Saturday, 15 December 2018

Your pseudo Lynchian social commentary movie isn't good.

I had some hopes the Neon Demon would be worth checking out. I'd put it on the list but only bothered with it today when one of the Red Letter Media guys gave it (too much I know now) praise. Spoilers, by the way. I'm here to vent, remember?

This seeks to be Mulholland Drive if that were about models rather than desperate actresses from small towns with little to no backstory or family to speak of. Only the tension created by Lynch was perfect and the mystery of Mulholland Drive was captivating. The Neon Demon becomes insufferable in its own desperation to create some kind of stylish, clever commentary on the modeling/fashion industry as a whole, and consequentially winds up being almost parody.
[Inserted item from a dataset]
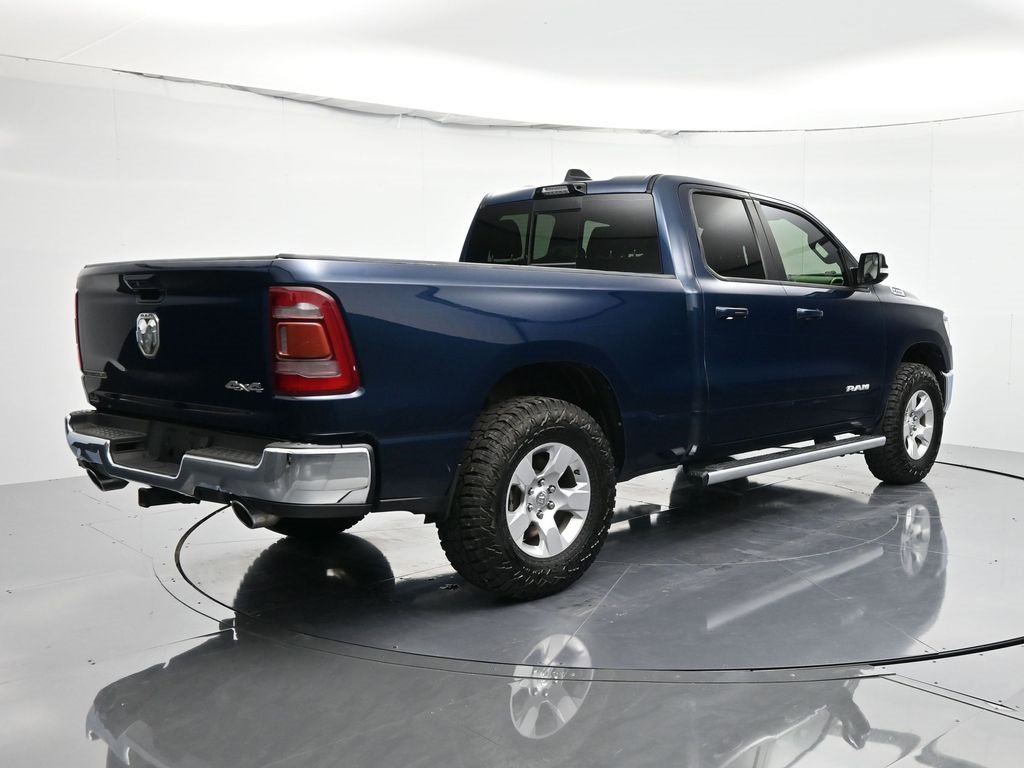 Used 2021 RAM 1500 Big Horn image 5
While the men in the film are framed as predators and leches, they wind up being less of a threat than our main character's professional competition. Keanu Reeves generally fails coming off as the vile motel manager. The hopeful photographer boyfriend is harmless, almost milquetoast, and only gets stepped on by our main, Jesse (Fanning).
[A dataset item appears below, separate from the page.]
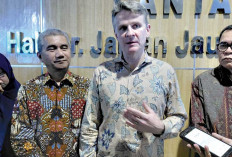 Kerja Sama Bidang  Riset Dosen   ///Hingga Pemberian Beasiswa 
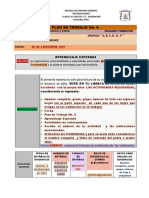 FCyE 3° PLAN 4 DEL 26 Al 3 DICIEMBRE 2021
Ellie Fanning obviously has a background in modelling so she's so convincing in this part from that perspective, but she's given fuck all to work with in the guise of crappy dialogue and a vague script that may have resulted in some improvisation. The heavy-handed cliches of her catching the eye of the otherwise the unenthusiastic fashion designer and wowing the agent who's seen plenty of girls before her who were only "good" makes her less compelling and more boring. So you don't care about what happens to her, especially when the narcissism kicks in. The visuals cease to be interesting or intriguing. There was a weird Zeldaesque triforce pattern that didn't pertain to anything, except maybe the trio who eventually descend on Jesse. Jena Malone is more capable than this too, she can do a lot but again she's doing the whole indie gay for pay thing, and while you find out she has more to her life as a makeup artist, being a mortician's assistant doing the makeup for dead bodies, you discover the real reason for this and you're left sickened by it. She has to be left alone with a dead body after Fanning rejects her aggressive advances (yes there's lesbian attempted rape here too) and the body has to fucking suffer for this rejection while you're supposed to be distracted by Malone fantasising over Fanning with the juxtaposing shots. The rating guideline describes this as aberrant sexual behaviour. I describe it as appallingly unnecessary.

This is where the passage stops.